Ecological selection (or environmental selection or survival selection or individual selection or asexual selection) refers to natural selection minus sexual selection, i.e. strictly ecological processes that operate on a species' inherited traits without reference to mating or secondary sex characteristics. The variant names describe varying circumstances where sexual selection is wholly suppressed as a mating factor.
Ecological selection can be said to be taking place in any circumstance where inheritance of specific traits is determined by ecology alone without direct sexual competition, when e.g. sexual competition is strictly ecological or economic, there is little or no mate choice, females do not resist any male who wishes to mate, all traits will be equally propagated regardless of mating, or the species is hermaphroditic or asexually reproducing, an ecological selection is taking place. In sexually-reproducing species, it is applicable mostly to situations where ecological pressures prevent most competitors from reaching maturity, or where crowding or pair-bonding or an extreme suppression of sexual selection factors prevents the normal sexual competition rituals and selection from taking place, but which also prevent artificial selection from operating, e.g. arranged marriages, where parents rather than the young select the mate based on economic or even astrology factors, and where the sexual desires of the mated pair are often subordinated to these factors, are artificial unless wholly based on an ecological factor such as control of land which is held by their own force.
In cases where ecological and sexual selection factors are strongly at odds, simultaneously encouraging and discouraging the same traits, it may also be important to distinguish them as sub-processes within natural selection.

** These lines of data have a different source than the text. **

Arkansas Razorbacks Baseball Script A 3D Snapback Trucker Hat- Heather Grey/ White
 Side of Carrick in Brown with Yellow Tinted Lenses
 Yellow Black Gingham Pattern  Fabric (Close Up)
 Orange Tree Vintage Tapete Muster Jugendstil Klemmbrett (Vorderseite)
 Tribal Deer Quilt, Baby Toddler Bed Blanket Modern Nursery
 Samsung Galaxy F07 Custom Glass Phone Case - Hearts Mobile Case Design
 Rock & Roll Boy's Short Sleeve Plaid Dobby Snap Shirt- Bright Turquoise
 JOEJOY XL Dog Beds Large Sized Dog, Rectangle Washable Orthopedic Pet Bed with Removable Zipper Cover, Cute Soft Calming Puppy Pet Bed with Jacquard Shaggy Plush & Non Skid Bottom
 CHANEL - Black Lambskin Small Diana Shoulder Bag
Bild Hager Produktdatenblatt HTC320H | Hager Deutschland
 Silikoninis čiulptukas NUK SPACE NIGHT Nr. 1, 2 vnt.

For instance, one species of Pleistocene Horned Gopher left in the fossil record a series of individuals with successively longer and longer horns, that seemed to be unrelated or maladaptive to its ecological niche. Modern scientists theorize that the horns were useful or impressive in mating rituals among males, and that it was an example of runaway evolution. The species seems to have suddenly died out when horns reached approximately the body length of the animal itself, presumably because it could no longer run or evade predators - thus ecological selection ultimately trumped sexual.
It is also important to distinguish ecological selection in cases of extreme ecological abundance, e.g. the human built environment, cities or zoos, where sexual selection must generally predominate, as there is no threat of the species or individuals losing their ecological niche. Even in these situations, however, where survival is not in question, the variety and the quality of food, e.g. as presented by male to female monkeys in exchange for sex in some species, still has an impact on reproduction, however it becomes a sexual selection factor. Similar phenomena can be said to exist in humans e.g. the "mail order bride" who primarily mates for economic advantage.
Differentiating ecological selection from sexual is useful especially in such extreme cases; Above examples demonstrate exceptions rather than a typical selection in the wild. In general, ecological selection is assumed to be the dominant process in natural selection, except in highly cognitive species that do not, or do not always, pair bond, e.g. walrus, gorilla, human. But even in these species, one would distinguish cases where isolated populations had no real choice of mates, or where the vast majority of individuals died before sexual maturity, leaving only the ecologically selected survivor to mate - regardless of its sexual fitness under normal sexual selection processes for that species.
For example, if only a few closely related males survive a natural disaster, and all are able to mate very widely due to lack of males, sexual selection has been suppressed by an ecological selection (the disaster). Such situations are usually temporary, characteristic of populations under extreme stress, for relatively short terms. However, they can drastically affect populations in that short time, sometimes eliminating all individuals susceptible to a pathogen, and thereby rendering all survivors immune. A few such catastrophic events where ecological selection predominates can lead to a population with specific advantages, e.g. in colonization when invading populations from more crowded disease-prone conditions arrive with antibodies to diseases, and the diseases themselves, which proceed to wipe out natives, clearing the way for the colonists.
In humans, the intervention of artificial devices such as ships or blankets may be enough to make some consider this an example of artificial selection. However it is clearly observed in other species, it seems unreasonable to differentiate colonization by ship from colonization by walking, and even the word "colony" is not specific to humans but refers generically to an intrusion of one species on an ecology to which it has not wholly adapted. So, despite the potential controversy, it may be better to consider all examples of colonist-borne diseases to be ecological selection.
For another example, in a region devastated by nuclear radiation, such as the Bikini Atoll, capacity to survive gamma rays to sexual maturity and (for the female) to term is a key ecological selection factor, although it is neither "natural" nor sexual. Some would call this too artificial selection, not natural or ecological, as the radiation does not enter the ecology as a factor save due to man's effort. Ambiguous artificial-plus-ecological factors may reasonably be called "environmental", and the term environmental selection may be preferable in these cases.